→ Task brief
The lines needed are those from the start of the records through the line holding "Kurdistan Flag Stock Footage 188136703", each copied exactly.

[Collected data]
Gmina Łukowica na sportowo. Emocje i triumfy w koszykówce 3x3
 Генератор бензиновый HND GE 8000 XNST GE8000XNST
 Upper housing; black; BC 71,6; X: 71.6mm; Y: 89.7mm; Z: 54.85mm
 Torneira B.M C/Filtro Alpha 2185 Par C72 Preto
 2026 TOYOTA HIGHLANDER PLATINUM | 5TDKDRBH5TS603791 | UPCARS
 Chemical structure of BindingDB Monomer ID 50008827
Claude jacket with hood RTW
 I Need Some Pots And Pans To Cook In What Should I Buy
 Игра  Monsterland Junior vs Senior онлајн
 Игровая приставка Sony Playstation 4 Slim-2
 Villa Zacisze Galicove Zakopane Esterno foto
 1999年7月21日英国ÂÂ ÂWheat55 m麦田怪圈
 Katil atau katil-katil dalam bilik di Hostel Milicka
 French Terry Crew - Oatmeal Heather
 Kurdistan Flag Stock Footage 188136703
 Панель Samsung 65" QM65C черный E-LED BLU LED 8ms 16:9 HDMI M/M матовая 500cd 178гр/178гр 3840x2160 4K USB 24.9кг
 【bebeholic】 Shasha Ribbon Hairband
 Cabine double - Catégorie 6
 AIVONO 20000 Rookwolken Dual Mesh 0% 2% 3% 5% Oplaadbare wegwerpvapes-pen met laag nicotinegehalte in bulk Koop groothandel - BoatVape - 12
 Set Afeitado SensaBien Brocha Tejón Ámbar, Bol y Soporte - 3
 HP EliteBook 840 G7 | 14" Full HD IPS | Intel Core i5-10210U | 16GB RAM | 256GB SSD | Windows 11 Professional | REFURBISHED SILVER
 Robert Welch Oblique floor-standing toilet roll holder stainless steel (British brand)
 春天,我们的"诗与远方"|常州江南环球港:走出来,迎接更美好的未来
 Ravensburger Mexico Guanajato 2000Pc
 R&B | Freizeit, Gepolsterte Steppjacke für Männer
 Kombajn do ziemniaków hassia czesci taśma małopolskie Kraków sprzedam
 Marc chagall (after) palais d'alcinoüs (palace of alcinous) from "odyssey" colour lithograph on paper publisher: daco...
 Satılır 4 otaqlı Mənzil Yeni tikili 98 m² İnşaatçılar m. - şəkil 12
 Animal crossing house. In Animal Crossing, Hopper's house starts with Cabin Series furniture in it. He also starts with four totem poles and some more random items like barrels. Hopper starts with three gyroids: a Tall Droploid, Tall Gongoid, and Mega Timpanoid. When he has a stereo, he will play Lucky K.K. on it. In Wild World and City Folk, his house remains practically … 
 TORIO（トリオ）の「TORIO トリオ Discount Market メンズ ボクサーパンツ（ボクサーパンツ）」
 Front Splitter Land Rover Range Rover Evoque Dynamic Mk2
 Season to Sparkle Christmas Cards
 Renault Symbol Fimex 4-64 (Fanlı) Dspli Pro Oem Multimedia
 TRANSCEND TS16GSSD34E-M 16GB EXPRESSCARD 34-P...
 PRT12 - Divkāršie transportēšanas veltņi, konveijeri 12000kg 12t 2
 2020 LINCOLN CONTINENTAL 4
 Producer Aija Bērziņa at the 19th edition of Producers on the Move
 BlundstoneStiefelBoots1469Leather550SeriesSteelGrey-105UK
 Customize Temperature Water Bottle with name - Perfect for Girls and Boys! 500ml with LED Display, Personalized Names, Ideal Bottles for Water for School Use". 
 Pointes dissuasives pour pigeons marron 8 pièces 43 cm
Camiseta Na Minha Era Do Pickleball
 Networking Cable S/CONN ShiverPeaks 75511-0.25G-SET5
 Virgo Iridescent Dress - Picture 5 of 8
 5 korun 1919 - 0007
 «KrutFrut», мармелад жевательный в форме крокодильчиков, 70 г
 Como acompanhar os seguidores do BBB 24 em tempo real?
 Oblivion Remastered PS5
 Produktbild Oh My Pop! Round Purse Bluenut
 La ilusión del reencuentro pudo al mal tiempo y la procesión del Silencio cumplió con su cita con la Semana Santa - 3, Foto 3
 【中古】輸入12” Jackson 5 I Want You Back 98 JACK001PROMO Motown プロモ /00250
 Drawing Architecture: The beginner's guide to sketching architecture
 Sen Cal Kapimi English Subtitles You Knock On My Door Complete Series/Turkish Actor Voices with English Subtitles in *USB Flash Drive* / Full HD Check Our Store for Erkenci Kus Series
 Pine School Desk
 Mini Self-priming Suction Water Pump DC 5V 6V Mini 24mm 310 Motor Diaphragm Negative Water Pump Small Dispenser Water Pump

→ Solution
Gmina Łukowica na sportowo. Emocje i triumfy w koszykówce 3x3
 Генератор бензиновый HND GE 8000 XNST GE8000XNST
 Upper housing; black; BC 71,6; X: 71.6mm; Y: 89.7mm; Z: 54.85mm
 Torneira B.M C/Filtro Alpha 2185 Par C72 Preto
 2026 TOYOTA HIGHLANDER PLATINUM | 5TDKDRBH5TS603791 | UPCARS
 Chemical structure of BindingDB Monomer ID 50008827
Claude jacket with hood RTW
 I Need Some Pots And Pans To Cook In What Should I Buy
 Игра  Monsterland Junior vs Senior онлајн
 Игровая приставка Sony Playstation 4 Slim-2
 Villa Zacisze Galicove Zakopane Esterno foto
 1999年7月21日英国ÂÂ ÂWheat55 m麦田怪圈
 Katil atau katil-katil dalam bilik di Hostel Milicka
 French Terry Crew - Oatmeal Heather
 Kurdistan Flag Stock Footage 188136703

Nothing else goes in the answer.